[EXERCISE BRIEF]
Without any of their pictures, return all of the records exactly.

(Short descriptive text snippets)
════
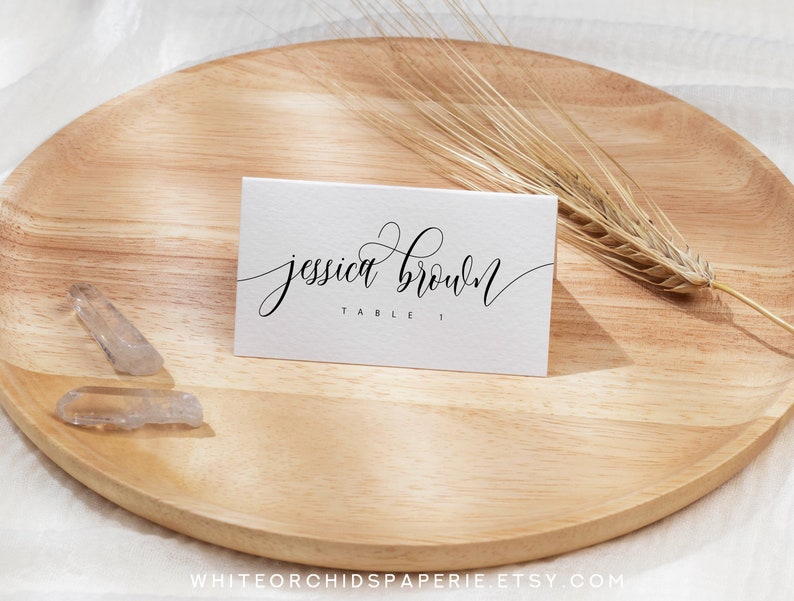 May include: A white place card with the name "Jessica Brown" in elegant black script, and "TABLE 1" below. The card rests on a wooden tray with a wheat stalk and clear crystals. The Etsy shop name is visible at the bottom.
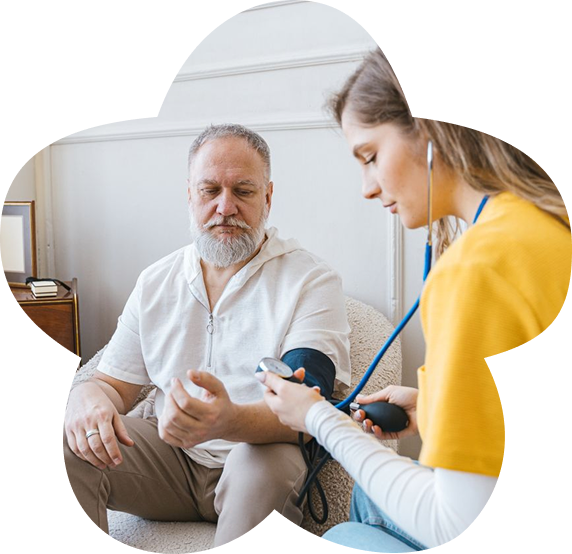 Nurse checking a patient's blood pressure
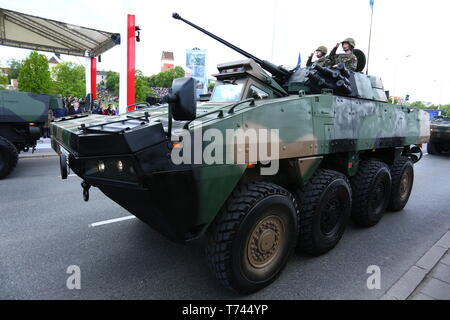 Poland: Tanks, ATVs, SUVs and artillery of Polish Army roll at military parade during celebrations of the constitution. Stock Photo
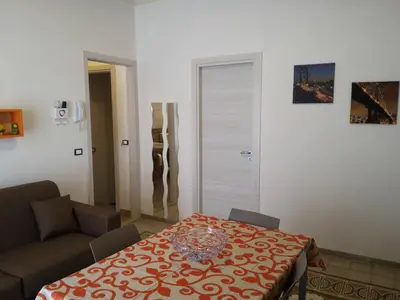 a living room with a table and a couch and a table at I due Archi in Castellammare del Golfo
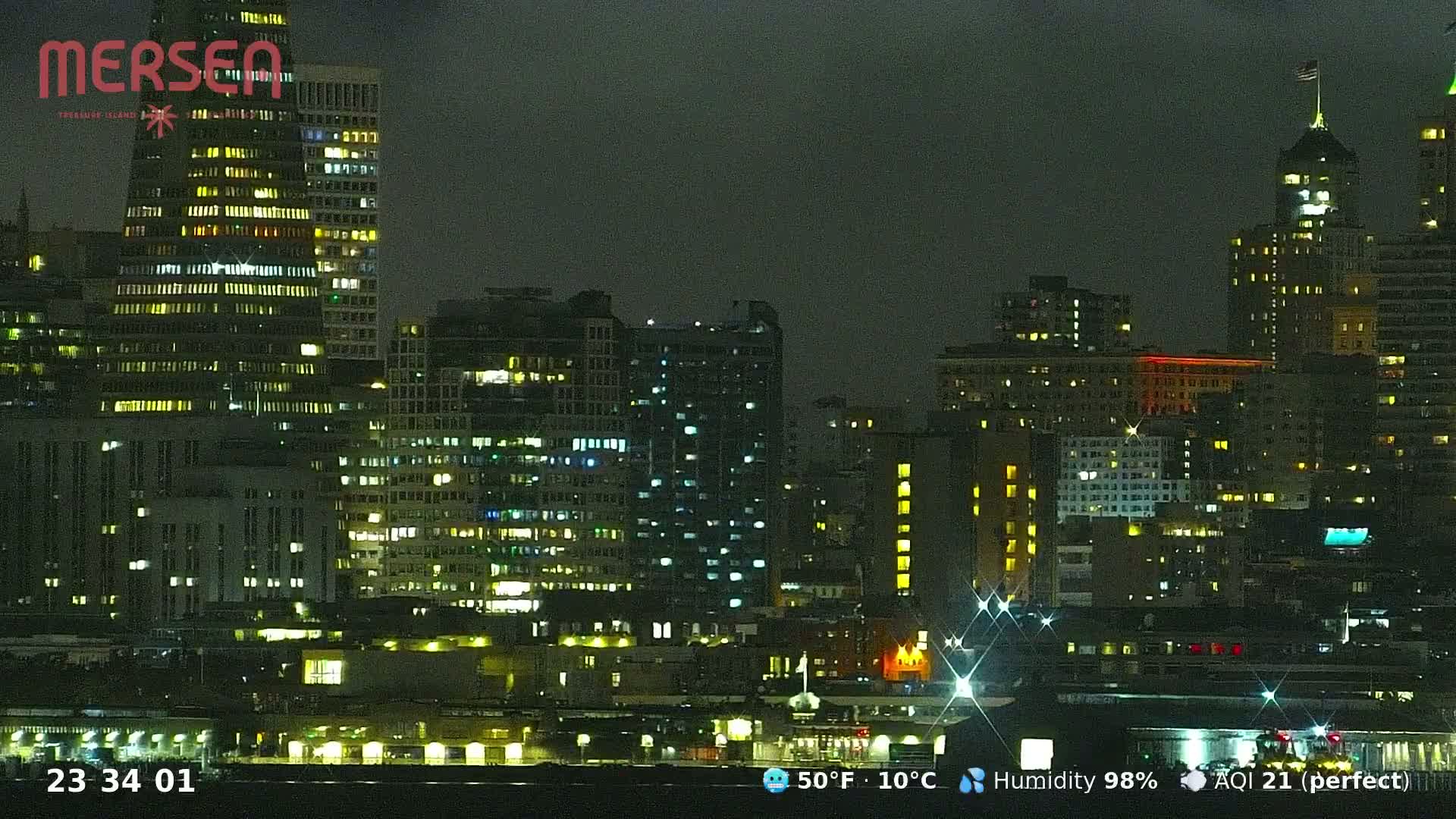 A nighttime cityscape with many illuminated buildings under a dark, overcast sky.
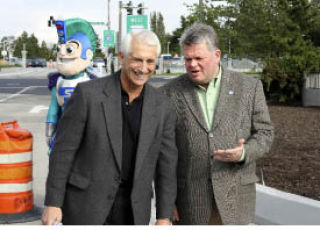 U.S. Rep. Dave Reichert and Seattle Mayor Greg Nickels talk during an Oct. 9 ribbon-cutting ceremony that marked the completion of a new westbound HOV lane between Bellevue and Mercer Island. In the background is the Sound Transit mascot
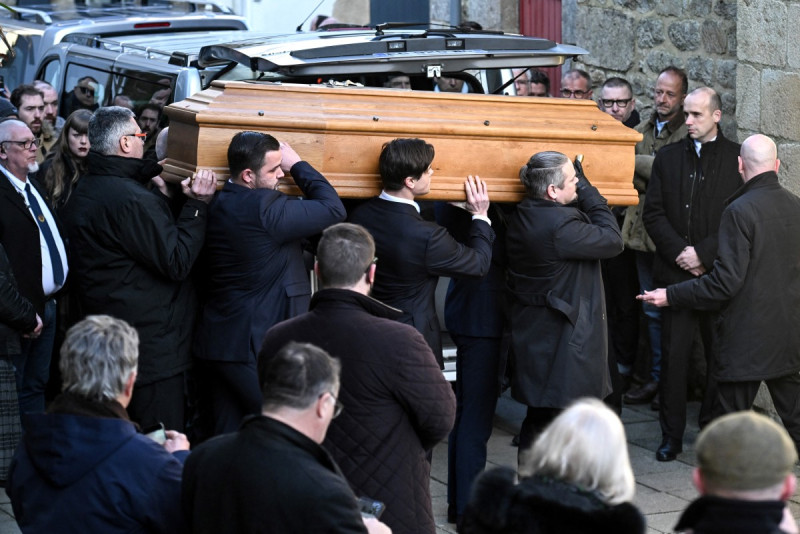 Hombres cargan ataúd en funeral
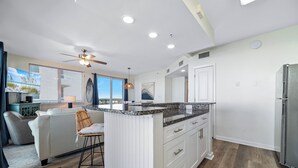 A modern kitchen with white cabinetry, a granite countertop, and a built-in island. - Beachfront-Dog Friendly-Panoramic Gulf View (Orange Beach)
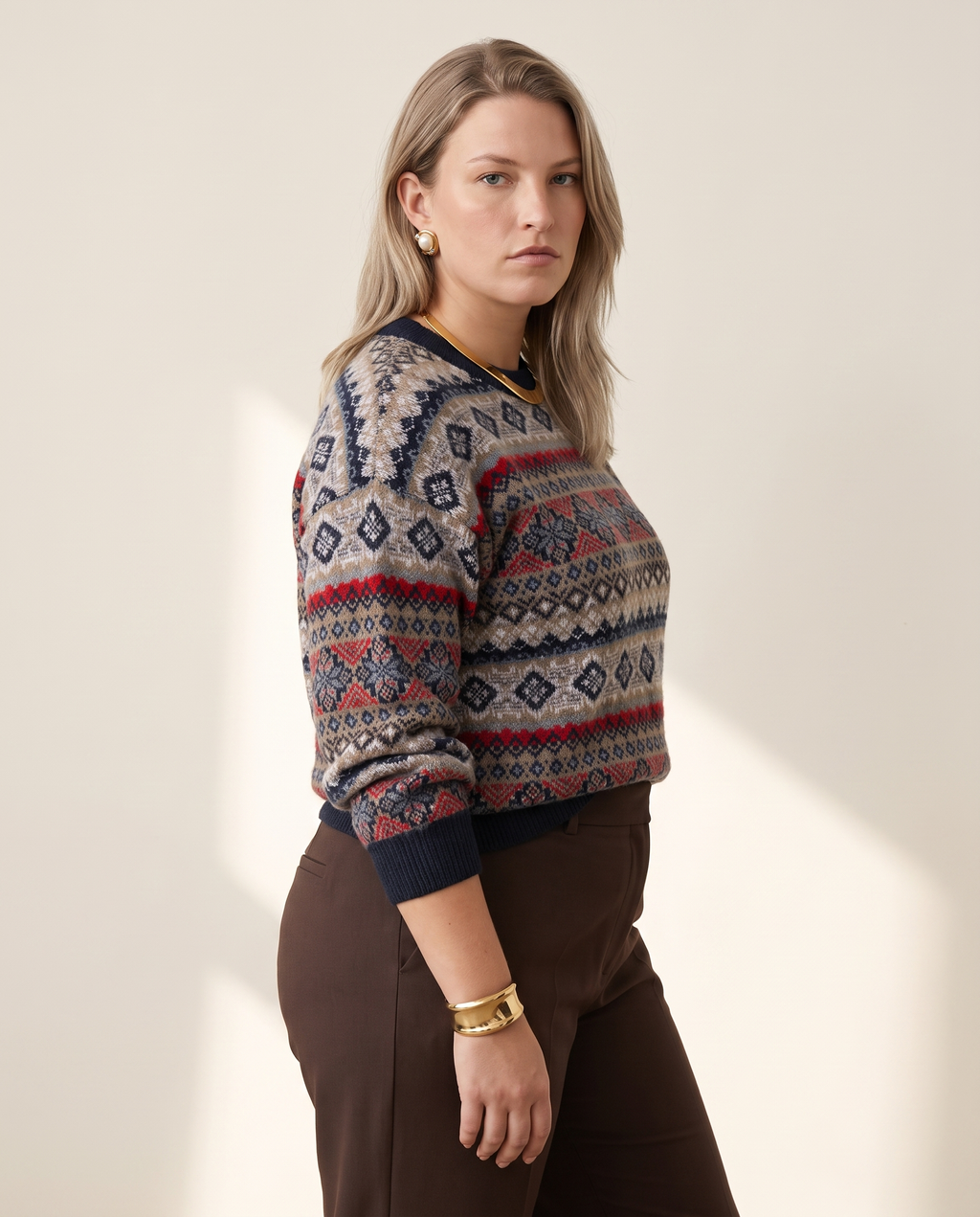 Folk Fair Isle Sweater — three-quarter view, on a warm off-white studio backdrop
════
[RESULT OF THIS EXERCISE]
 May include: A white place card with the name "Jessica Brown" in elegant black script, and "TABLE 1" below. The card rests on a wooden tray with a wheat stalk and clear crystals. The Etsy shop name is visible at the bottom.
 Nurse checking a patient's blood pressure
 Poland: Tanks, ATVs, SUVs and artillery of Polish Army roll at military parade during celebrations of the constitution. Stock Photo
 a living room with a table and a couch and a table at I due Archi in Castellammare del Golfo
 A nighttime cityscape with many illuminated buildings under a dark, overcast sky.
 U.S. Rep. Dave Reichert and Seattle Mayor Greg Nickels talk during an Oct. 9 ribbon-cutting ceremony that marked the completion of a new westbound HOV lane between Bellevue and Mercer Island. In the background is the Sound Transit mascot
 Hombres cargan ataúd en funeral
 A modern kitchen with white cabinetry, a granite countertop, and a built-in island. - Beachfront-Dog Friendly-Panoramic Gulf View (Orange Beach)
 Folk Fair Isle Sweater — three-quarter view, on a warm off-white studio backdrop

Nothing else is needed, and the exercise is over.